En 1992, la Bosnie-Herzégovine est attaquée par la Serbie peu après avoir déclaré son indépendance. Faruk Sehic s’engage alors pour défendre son pays. Trente ans plus tard, l’auteur voit de nombreux points communs entre la guerre qui a dévasté son pays et l’invasion de l’Ukraine.

Publié le 14 juillet 2022 à 12:04

Arrêtez une personne dans une rue de Sarajevo et demandez-lui ce qu'elle pense de la guerre en Ukraine : elle vous dira comment, selon elle, presque tout ce qui se passe aujourd’hui s’est déjà déroulé en Bosnie-Herzégovine.

Quelqu'un écrivait récemment sur Twitter que la guerre en Ukraine est un jeu d'échecs rapide comparé à celle en Bosnie-Herzégovine, tant les événements s’y déroulent à un rythme effréné. 
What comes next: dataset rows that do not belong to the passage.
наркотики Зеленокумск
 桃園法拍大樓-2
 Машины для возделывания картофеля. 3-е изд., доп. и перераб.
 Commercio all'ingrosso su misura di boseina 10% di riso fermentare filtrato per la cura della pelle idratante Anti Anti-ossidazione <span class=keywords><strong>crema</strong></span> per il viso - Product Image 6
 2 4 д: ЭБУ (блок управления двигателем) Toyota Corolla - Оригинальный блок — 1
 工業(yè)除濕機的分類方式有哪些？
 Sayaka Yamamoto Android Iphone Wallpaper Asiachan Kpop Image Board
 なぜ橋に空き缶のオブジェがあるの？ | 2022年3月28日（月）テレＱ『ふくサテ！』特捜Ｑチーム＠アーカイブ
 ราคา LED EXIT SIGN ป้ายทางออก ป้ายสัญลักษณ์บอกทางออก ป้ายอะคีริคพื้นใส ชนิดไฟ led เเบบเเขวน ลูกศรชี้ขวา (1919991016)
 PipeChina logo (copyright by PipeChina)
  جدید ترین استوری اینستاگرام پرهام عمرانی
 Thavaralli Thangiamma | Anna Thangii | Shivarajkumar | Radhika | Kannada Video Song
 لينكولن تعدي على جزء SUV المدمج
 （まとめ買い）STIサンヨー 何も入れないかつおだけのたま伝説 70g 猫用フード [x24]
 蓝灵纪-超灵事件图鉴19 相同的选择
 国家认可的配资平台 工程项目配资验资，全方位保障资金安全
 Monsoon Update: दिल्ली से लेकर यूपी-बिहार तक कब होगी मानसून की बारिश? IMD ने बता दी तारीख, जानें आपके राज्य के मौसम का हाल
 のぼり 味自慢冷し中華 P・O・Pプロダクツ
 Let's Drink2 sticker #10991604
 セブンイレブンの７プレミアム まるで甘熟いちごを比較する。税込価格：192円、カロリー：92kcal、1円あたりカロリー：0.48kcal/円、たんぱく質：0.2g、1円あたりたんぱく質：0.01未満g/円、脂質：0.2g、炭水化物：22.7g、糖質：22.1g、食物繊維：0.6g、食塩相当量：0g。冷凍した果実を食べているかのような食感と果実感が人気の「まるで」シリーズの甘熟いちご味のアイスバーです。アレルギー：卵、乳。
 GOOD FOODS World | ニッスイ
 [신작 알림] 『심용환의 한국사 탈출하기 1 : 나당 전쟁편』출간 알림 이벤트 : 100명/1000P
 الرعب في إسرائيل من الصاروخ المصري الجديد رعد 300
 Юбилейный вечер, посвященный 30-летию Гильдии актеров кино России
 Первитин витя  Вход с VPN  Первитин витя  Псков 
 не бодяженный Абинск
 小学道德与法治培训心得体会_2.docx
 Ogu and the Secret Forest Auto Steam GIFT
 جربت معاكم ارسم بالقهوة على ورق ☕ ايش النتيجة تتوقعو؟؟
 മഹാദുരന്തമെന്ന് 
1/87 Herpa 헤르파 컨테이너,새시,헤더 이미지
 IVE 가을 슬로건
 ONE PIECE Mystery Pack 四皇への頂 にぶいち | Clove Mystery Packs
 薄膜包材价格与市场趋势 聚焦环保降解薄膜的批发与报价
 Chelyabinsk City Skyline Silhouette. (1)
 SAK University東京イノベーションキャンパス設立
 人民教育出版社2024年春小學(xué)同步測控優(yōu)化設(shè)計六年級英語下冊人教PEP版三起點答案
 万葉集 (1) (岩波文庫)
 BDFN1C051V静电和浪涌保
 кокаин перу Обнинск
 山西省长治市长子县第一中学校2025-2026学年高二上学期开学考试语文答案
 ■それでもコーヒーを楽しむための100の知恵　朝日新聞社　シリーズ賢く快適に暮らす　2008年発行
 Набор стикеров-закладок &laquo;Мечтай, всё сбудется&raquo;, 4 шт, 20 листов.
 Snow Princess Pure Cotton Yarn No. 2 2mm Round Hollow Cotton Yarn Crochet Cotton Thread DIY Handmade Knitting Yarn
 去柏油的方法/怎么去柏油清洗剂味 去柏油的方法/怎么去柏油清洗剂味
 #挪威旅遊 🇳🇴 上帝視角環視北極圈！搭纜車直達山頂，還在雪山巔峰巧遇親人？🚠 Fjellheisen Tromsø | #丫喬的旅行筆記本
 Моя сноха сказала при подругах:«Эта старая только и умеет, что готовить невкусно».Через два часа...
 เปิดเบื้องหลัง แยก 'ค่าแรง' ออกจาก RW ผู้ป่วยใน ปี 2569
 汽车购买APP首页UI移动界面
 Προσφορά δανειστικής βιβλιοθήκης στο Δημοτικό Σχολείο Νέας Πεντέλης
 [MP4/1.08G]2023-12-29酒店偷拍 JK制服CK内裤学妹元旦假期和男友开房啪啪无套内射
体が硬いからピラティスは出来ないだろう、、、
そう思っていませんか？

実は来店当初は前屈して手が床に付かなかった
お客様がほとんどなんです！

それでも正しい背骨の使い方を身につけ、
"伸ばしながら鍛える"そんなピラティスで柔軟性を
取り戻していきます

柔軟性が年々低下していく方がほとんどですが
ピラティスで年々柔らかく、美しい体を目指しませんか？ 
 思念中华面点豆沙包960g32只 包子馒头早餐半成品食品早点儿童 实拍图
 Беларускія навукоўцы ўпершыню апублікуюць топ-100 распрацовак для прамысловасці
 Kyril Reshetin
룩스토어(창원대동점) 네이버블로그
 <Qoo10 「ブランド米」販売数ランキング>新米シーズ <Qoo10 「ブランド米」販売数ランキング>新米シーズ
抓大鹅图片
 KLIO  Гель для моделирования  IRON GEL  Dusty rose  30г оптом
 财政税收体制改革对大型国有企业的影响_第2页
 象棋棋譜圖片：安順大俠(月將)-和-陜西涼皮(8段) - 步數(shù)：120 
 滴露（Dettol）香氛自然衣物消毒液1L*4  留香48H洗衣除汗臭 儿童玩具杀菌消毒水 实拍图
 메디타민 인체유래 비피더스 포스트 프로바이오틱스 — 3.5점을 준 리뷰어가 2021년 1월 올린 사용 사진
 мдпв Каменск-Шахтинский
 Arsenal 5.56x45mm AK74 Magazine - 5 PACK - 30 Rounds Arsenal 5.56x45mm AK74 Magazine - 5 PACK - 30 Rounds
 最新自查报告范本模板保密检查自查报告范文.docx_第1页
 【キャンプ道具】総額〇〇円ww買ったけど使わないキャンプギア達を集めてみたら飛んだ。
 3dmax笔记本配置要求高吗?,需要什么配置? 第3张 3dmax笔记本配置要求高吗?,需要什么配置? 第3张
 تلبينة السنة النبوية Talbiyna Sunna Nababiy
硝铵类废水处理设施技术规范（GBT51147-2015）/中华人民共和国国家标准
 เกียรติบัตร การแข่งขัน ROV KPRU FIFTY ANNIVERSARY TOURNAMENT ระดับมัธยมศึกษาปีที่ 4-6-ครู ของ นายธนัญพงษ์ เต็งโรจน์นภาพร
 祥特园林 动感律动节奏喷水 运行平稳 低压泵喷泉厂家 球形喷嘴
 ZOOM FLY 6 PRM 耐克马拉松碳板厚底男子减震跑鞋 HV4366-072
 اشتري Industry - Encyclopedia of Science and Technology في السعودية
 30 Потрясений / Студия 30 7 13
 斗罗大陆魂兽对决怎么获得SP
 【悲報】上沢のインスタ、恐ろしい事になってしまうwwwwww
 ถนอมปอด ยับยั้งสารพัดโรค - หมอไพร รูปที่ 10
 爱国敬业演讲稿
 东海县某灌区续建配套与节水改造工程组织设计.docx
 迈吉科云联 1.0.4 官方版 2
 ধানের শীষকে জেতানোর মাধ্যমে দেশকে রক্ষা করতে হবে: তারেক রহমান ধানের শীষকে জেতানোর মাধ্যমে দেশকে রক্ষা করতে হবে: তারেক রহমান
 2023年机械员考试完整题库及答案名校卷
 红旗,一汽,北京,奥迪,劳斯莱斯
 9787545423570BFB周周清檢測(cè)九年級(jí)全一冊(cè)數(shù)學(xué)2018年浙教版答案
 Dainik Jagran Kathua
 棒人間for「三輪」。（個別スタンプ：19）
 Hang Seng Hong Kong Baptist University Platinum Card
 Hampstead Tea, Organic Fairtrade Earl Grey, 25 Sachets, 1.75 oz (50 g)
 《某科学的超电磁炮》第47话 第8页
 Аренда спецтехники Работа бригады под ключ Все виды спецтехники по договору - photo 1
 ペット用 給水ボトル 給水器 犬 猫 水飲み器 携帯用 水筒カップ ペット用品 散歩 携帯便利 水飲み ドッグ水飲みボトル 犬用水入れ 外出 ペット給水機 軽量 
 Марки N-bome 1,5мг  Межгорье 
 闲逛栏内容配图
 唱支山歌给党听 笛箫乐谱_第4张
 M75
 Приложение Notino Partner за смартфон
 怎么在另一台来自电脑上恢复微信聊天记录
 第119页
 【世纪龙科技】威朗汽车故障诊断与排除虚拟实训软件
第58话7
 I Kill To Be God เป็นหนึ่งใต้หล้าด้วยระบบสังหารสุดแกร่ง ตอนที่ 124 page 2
Quelques jours avant l'attaque de l'armée russe contre l'Ukraine, j’ai interviewé un jeune écrivain ukrainien ; pour lui, l’objectif de la Russie était de conquérir toute l'Ukraine. Ce n'est pas que je ne l’ai pas cru, mais plutôt que mon cerveau est toujours prêt à apporter un grain d'optimisme, même quand l’humeur est apocalyptique.

Il était évident que la Russie allait attaquer – vous ne construisez pas d'hôpitaux de campagne pour recevoir les blessés si vous ne faites que des exercices militaires. Les personnes qui ne sont pas versées dans la mécanique de la guerre pensent souvent, à tort, qu'il est facile d'arrêter une machine de guerre mobilisant 190 000 personnes et des milliers de chars, de blindés, d'artillerie et d’unités logistiques. Cette machine de guerre est entrée en action aux premières leueurs du 24 février et l'enfer s'est déchaîné sur l'Ukraine.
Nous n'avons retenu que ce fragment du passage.